Rudi menyayangkan sikap BRIN yang memberhentikan para pegawai tanpa kejelasan. Padahal, seluruh anggota PPNPN-BPPT telah mengenal dan memiliki pengalaman panjang dalam sejumlah proyek riset. Ia pun menjamin seluruh eks pegawai siap untuk membantu negara dalam melaksanakan kegiatan-kegiatan riset di bidangnya masing-masing.
Saat ini, paguyuban PPNPN-BPPT tengah mengumpulkan data eks pegawai di lembaga riset yang terdampak peleburan BRIN berikut masa kerjanya. Semua data tersebut nantinya akan diserahkan kepada Komnas HAM untuk menjadi pertimbangan saat mendalami pengaduan.
Beka Ulung mengatakan, Komnas HAM akan segera merespons dan mendalami pengaduan ini dengan meminta keterangan dari lembaga/kementerian terkait, termasuk BRIN. Komnas HAM akan meminta BRIN menjelaskan skema dan kejelasan status eks pegawai BPPT tersebut dan solusi terhadap ratusan pegawai yang diberhentikan lainnya.

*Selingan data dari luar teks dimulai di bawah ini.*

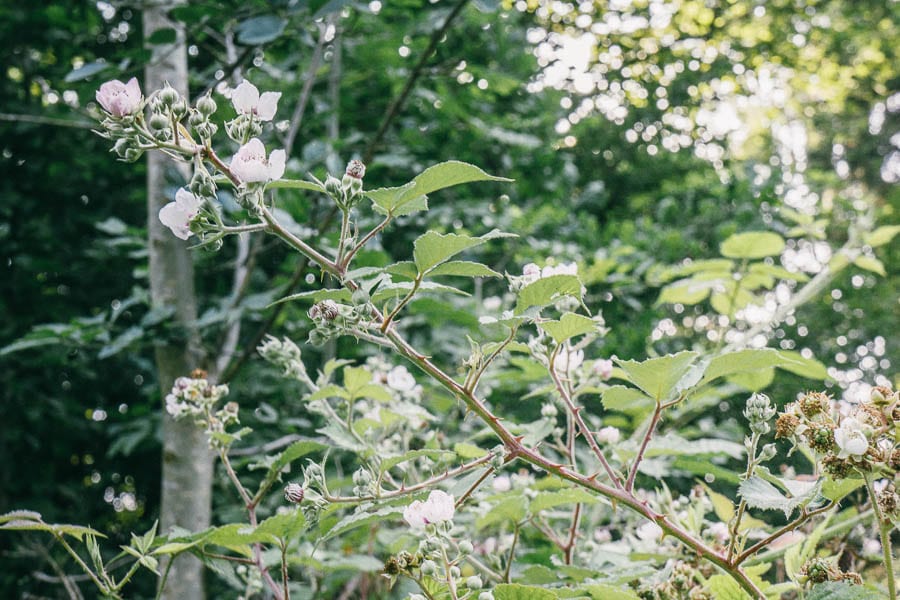 Bramble flowers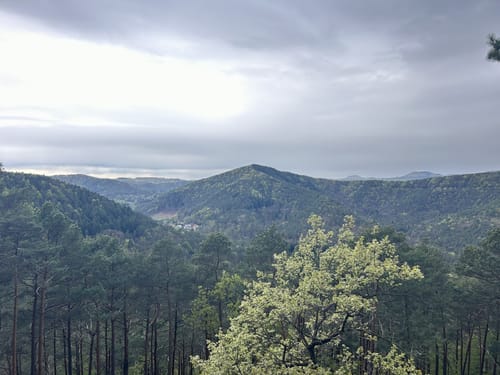 Geiersteine-Tour (Premiumwanderweg)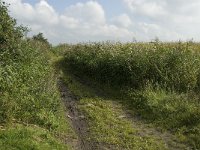 NL, Noord-Brabant, Oisterwijk, Den Opslag 4, Saxifraga-Jan van der Straaten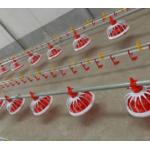 Automatic Complete Broiler Pan Feeding System for sale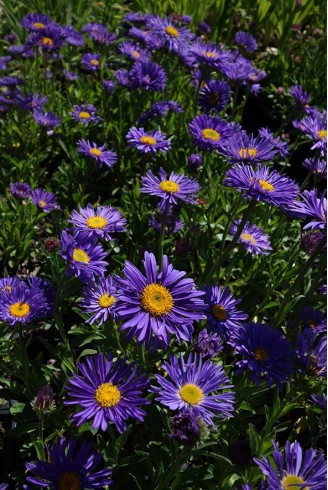 Aster alpinus 'Dunkle Schöne'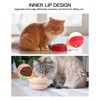 Ceramic Raised Cat Bowl, 2 in 1 Elevated Cat Food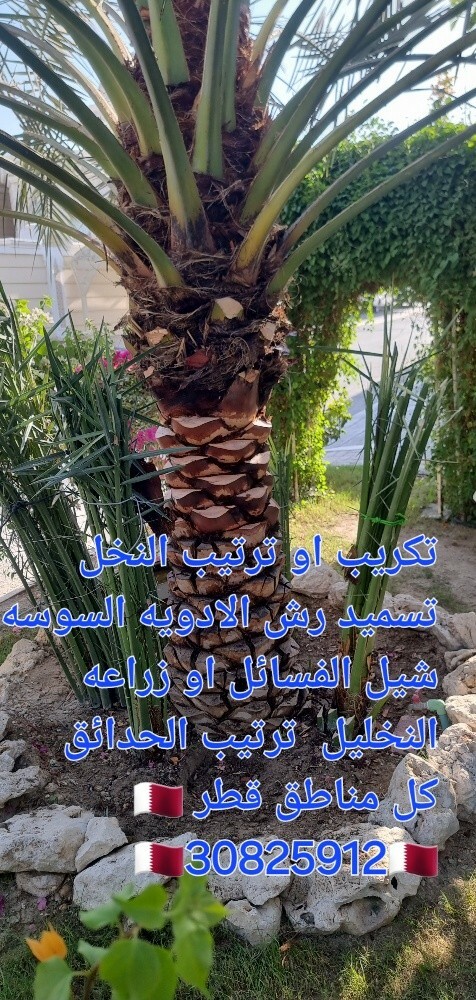 زراع حسین العراقی للنخل ول حدائق - 1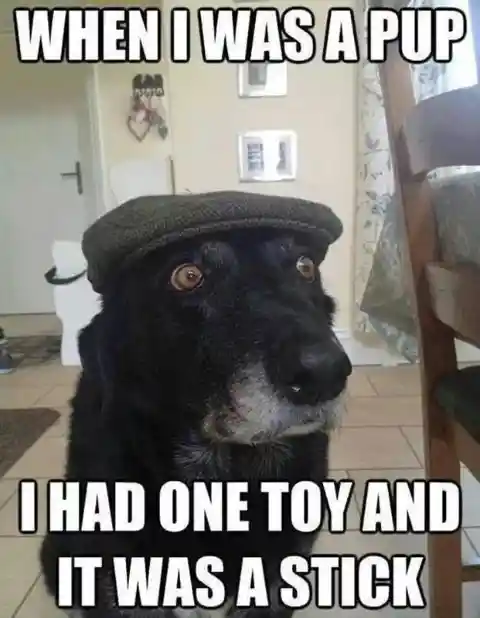 Let Me Tell You My Story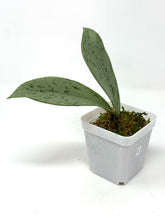 Load image into Gallery viewer, Hoya Pubicalyx Pink Silver Ghost E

Komnas HAM tengah menunggu kelengkapan data pegawai PPNPN-BPPT yang terdampak peleburan dengan BRIN. Di sisi lain, Komnas HAM juga akan melihat apakah ada sosialisasi kejelasan status pegawai seperti yang disampaikan oleh Kepala BRIN dalam beberapa wawancara. Sebab, dari pengakuan eks pegawai, selama ini tidak ada sosialisasi di unit kerja masing-masing.
”Negara harus menghargai upaya dan kerja keras dari para pegawai meskipun selama ini tidak terlihat di publik. Sebab, mereka telah membantu berbagai riset yang membuat Indonesia lebih maju. Bahkan, terdapat nakhoda kapal riset Baruna Jaya yang ikut membantu menemukan kotak hitam Lion Air,” katanya.
Aturan perekrutan
Menanggapi tuntutan tersebut, Kepala BRIN Laksana Tri Handoko menepis pernyataan yang menyebut eks pegawai BPPT diberhentikan karena ada integrasi lembaga riset. Menurut Handoko, mereka diberhentikan karena tenaga honorer hanya bisa dikontrak selama satu tahun anggaran. Jadi, setiap akhir tahun ada pemberhentian kontrak pegawai.
”Tidak benar bahwa mereka diberhentikan karena ada integrasi. Akan tetapi, karena kontrak hanya satu tahun dan sesuai regulasi, kami tidak bisa lagi merekrut honorer,” ungkapnya.
Regulasi yang mengatur perekrutan tersebut antara lain Peraturan Pemerintah (PP) Nomor 17 Tahun 2020 tentang Manajemen PNS dan PP No 49/2018 tentang Manajemen Pegawai Pemerintah dengan Perjanjian Kerja (PPPK) sebagai turunan dari Undang-Undang No 5/2014 tentang Aparatur Sipil Negara. Ketentuan dalam sejumlah aturan tersebut menyatakan bahwa lembaga pemerintah sudah tidak diperbolehkan merekrut personel sebagai individu selain dengan skema PNS dan PPPK sampai 2023.
Bagi para eks pegawai tersebut, Handoko memberikan solusi agar mereka mendaftar ke mitra operator kapal BRIN atau ke mitra alih daya untuk pegawai dengan spesifikasi tertentu. Ia menilai, eks pegawai yang profesional dan ahli di bidangnya akan mudah diterima karena mitra BRIN pasti membutuhkan tambahan pekerja.
Selain itu, kebingungan periset yang sudah terintegrasi terkait birokrasi di BRIN, menurut Handoko, terjadi karena mereka belum memahami struktur baru yang tengah dibangun saat ini. Sebab, saat ini BRIN masih dalam proses pemetaan sumber daya manusia sambil menunggu persetujuan struktur pusat riset akhir dari Kementerian Pendayagunaan Aparatur Negara dan Reformasi Birokrasi.